* SUPPLIED DATA:
☆ ☆ ☆ ☆ ☆
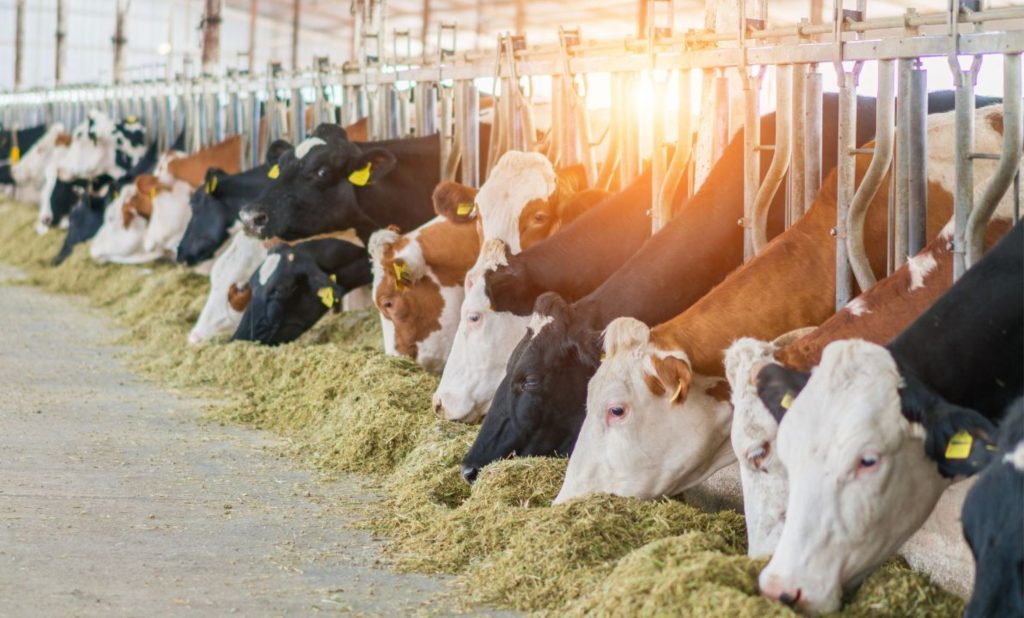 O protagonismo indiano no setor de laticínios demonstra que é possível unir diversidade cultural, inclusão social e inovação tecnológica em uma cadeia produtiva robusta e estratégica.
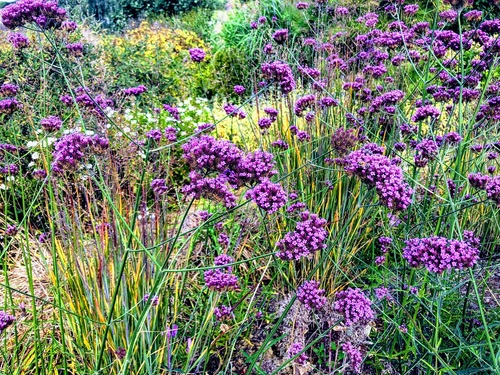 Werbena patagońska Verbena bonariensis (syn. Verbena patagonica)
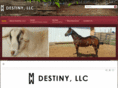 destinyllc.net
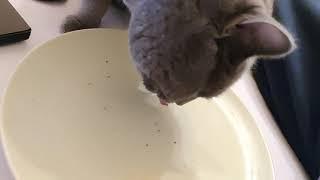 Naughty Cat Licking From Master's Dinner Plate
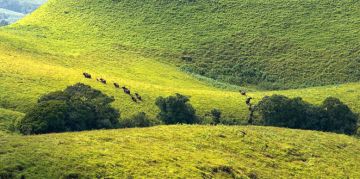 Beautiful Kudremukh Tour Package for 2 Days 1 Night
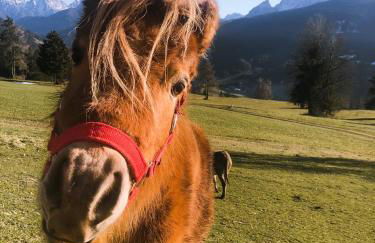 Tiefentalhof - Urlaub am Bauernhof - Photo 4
☆ ☆ ☆ ☆ ☆
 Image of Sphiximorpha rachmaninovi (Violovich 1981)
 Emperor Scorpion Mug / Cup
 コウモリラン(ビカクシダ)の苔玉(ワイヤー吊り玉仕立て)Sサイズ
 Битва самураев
☆ ☆ ☆ ☆ ☆
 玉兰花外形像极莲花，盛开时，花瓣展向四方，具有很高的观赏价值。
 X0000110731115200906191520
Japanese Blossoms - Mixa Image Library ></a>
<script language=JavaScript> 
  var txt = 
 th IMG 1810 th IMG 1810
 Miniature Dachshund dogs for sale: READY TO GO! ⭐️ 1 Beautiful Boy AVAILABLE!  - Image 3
☆ ☆ ☆ ☆ ☆
* PROBLEM TO SOLVE:
Find the number of lines in the records that include the word "Image". Write only that number.

* COMPLETED EXERCISE:
3